PROBLEM DETAILS. Write the listing out again word for word, leaving each picture behind.

DATA EXTRACT.
....
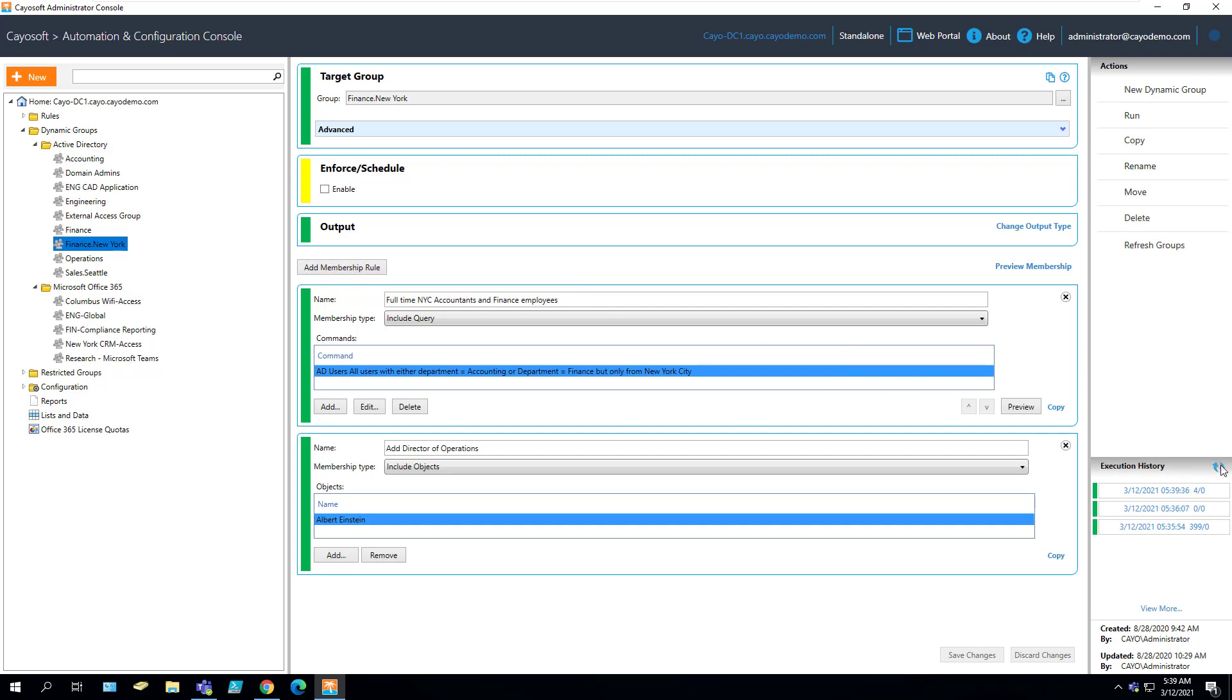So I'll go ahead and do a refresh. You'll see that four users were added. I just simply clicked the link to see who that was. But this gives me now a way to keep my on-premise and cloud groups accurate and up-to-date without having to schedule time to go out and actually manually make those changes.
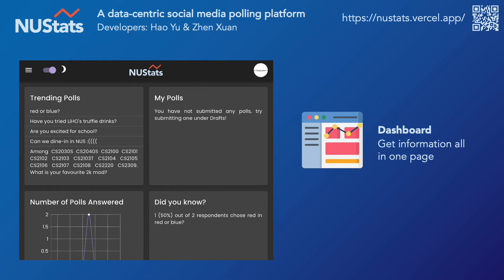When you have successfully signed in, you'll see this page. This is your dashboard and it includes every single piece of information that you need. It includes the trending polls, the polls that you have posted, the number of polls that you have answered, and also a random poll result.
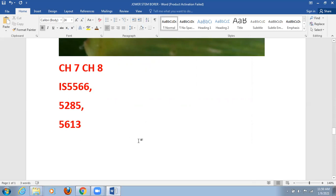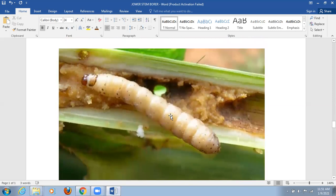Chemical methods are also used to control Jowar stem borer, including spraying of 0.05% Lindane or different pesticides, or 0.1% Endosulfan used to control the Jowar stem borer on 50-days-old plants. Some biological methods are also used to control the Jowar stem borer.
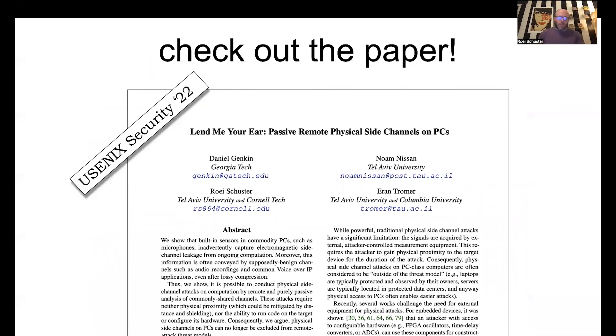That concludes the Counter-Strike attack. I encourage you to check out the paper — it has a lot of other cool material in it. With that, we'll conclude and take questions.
....
ANSWER SPACE.
So I'll go ahead and do a refresh. You'll see that four users were added. I just simply clicked the link to see who that was. But this gives me now a way to keep my on-premise and cloud groups accurate and up-to-date without having to schedule time to go out and actually manually make those changes.
When you have successfully signed in, you'll see this page. This is your dashboard and it includes every single piece of information that you need. It includes the trending polls, the polls that you have posted, the number of polls that you have answered, and also a random poll result.
Chemical methods are also used to control Jowar stem borer, including spraying of 0.05% Lindane or different pesticides, or 0.1% Endosulfan used to control the Jowar stem borer on 50-days-old plants. Some biological methods are also used to control the Jowar stem borer.
That concludes the Counter-Strike attack. I encourage you to check out the paper — it has a lot of other cool material in it. With that, we'll conclude and take questions.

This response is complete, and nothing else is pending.